One thing Bodard really gets right is the different cultural outlook and worldview of this non-Western culture.  At first it was almost jarring, as the characters weren’t thinking or acting in a way that made sense in my personal worldview.  This, of course, got me thinking about how perilous writing other cultural perspectives can be — how hard it is to do well, how great it is when done right, and how infrequently one even sees it attempted.
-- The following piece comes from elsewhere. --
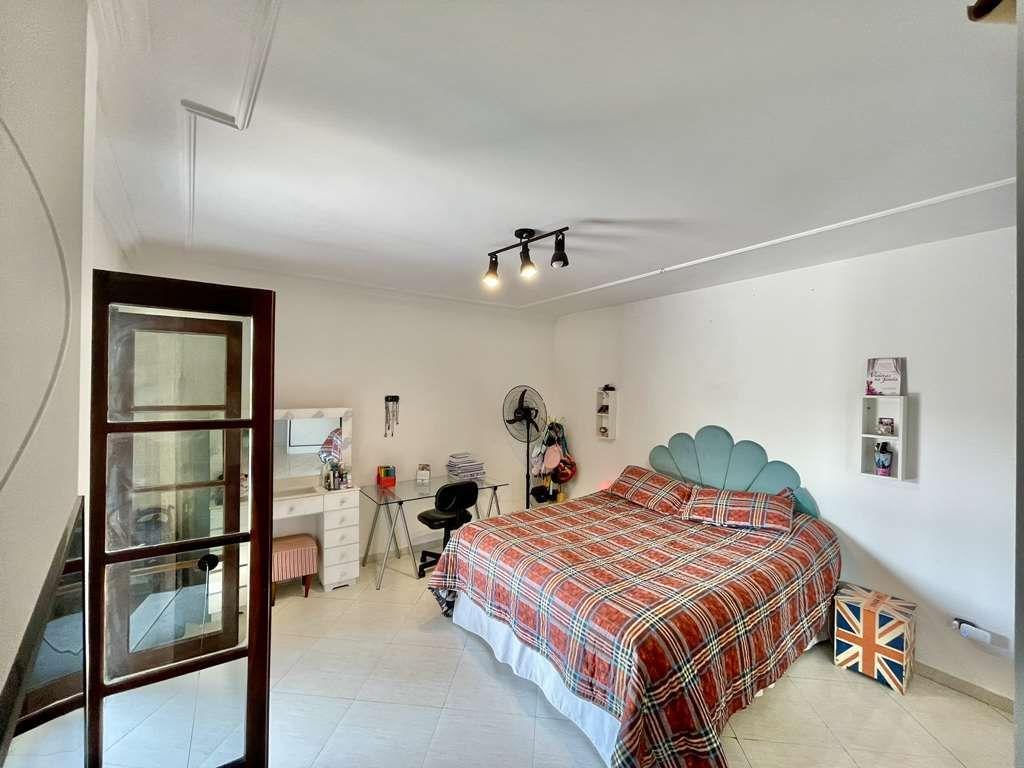 Casa à venda com 3 quartos, 280m² - Foto 14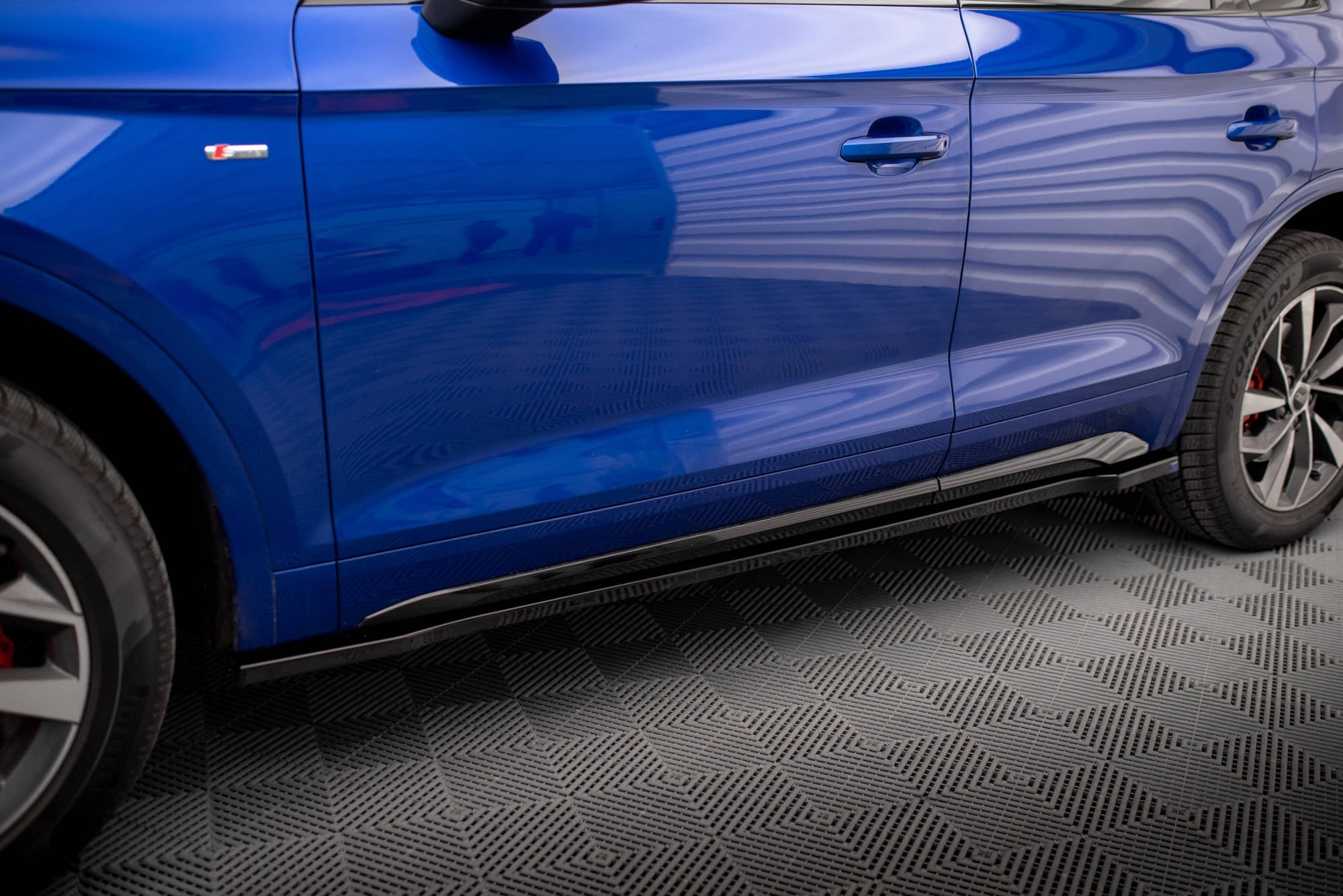 Maxton Design Difusores de taloneras laterales para Audi SQ5 / Q5 S-Line SUV / Sportback Mk2 Facelift - imagen 1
There’s a well-established (and justified) stereotype about fantasy novels being set in the mythic “lands of the west” (firmly based on western cultural traditions).  And, while this stereotype exists for a reason, in just five or ten minutes I was able to think up a pretty long list of novels eschewing the trope in whole or in part, including:

  • earlier works, like Roger Zelazny’s “Lords of Light,” with it’s Indian influences
  • “Across the Nightingale Floor” (and the other books in Tales of the Otori) by Lian Hern, which are set in feudal Japan
  • “The Secret History of Moscow” by Ekaterina Sedia
  • “Who Fears Death” by Nnedi Okorafor, set in a post-apocalyptic South Africa
  • most of Nalo Hopkinson’s books, with their Caribbean roots
  • Ian McDonald’s “Dervish House” set in Istanbul
  • Paolo Bacigalupi’s “Windup Girl,” set in a post-global warming Thailand.
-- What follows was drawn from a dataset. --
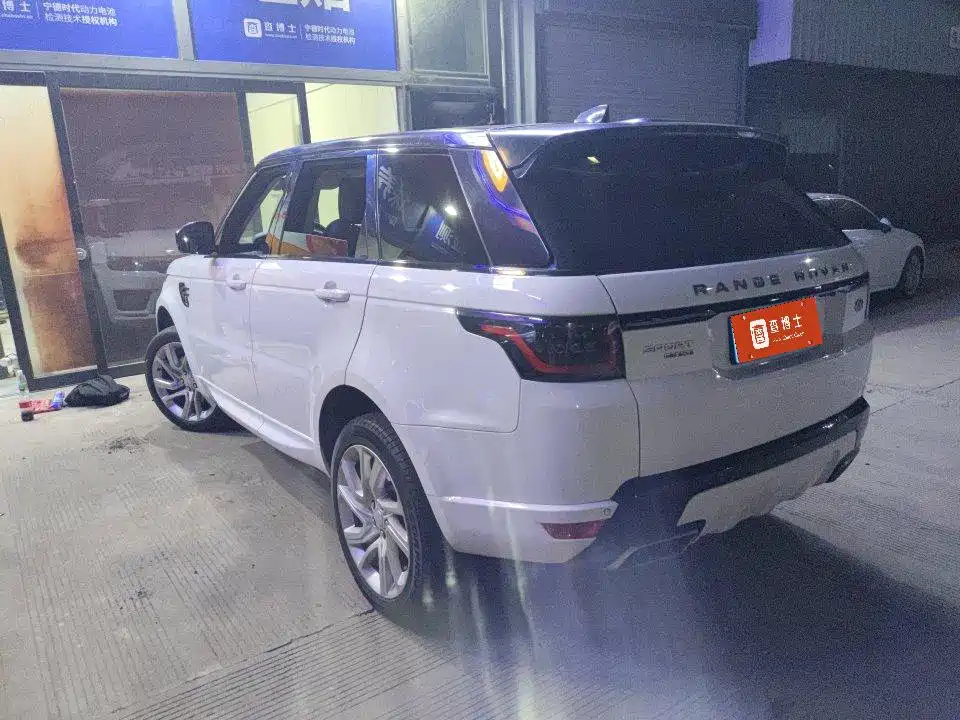 Land Rover Sport — миниатюра 5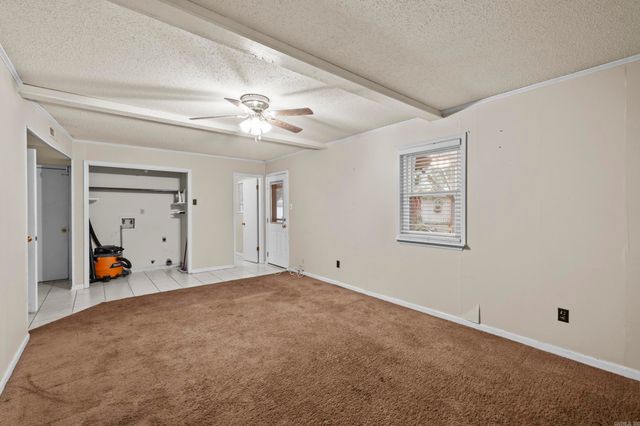 2 Ridgewell Ct, Sherwood, AR 72120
And that’s, no doubt, leaving out a lot of other great examples (in fact, please share your favorites in the comments below).  I wonder, then, if it’s  fair to start declaring the death of the stereotype?

But…not so fast.  As I started the post out by saying, it’s rare to find a novel that really captures the outlook of a non-western culture.  There are plenty of books set in less oft-explored times and places, but how many of them have protagonists with distinctly non-western viewpoints?  Bacigalupi’s book, for example, provides non-Western perspectives from several characters but centers on the narrative of a westerner.
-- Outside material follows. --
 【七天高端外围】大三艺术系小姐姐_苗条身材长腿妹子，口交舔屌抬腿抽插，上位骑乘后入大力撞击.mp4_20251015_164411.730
Maybe one reason protagonists (or, even entire casts of characters) aren’t often “cultural others” is because authors may fear:

  • the inability to represent another cultural viewpoint authentically
  • presenting  a hurdle to prospective readers who crack novels open with (rightly or wrongly) preset notions of the cultural rules that will govern the characters’ and actions.

The former concern seems more justifiable to me than the latter, and still (I think) can be overcome through immersive research.  But, in the end, effectively deviating from reader expectations about culture can be a great challenge for the author.

What do you think?  Is this issue something we should be concerned about as writers?  Is there a need for more speculative fiction told from the perspective of non-western cultures?  And what are you favorite examples of this type of writing?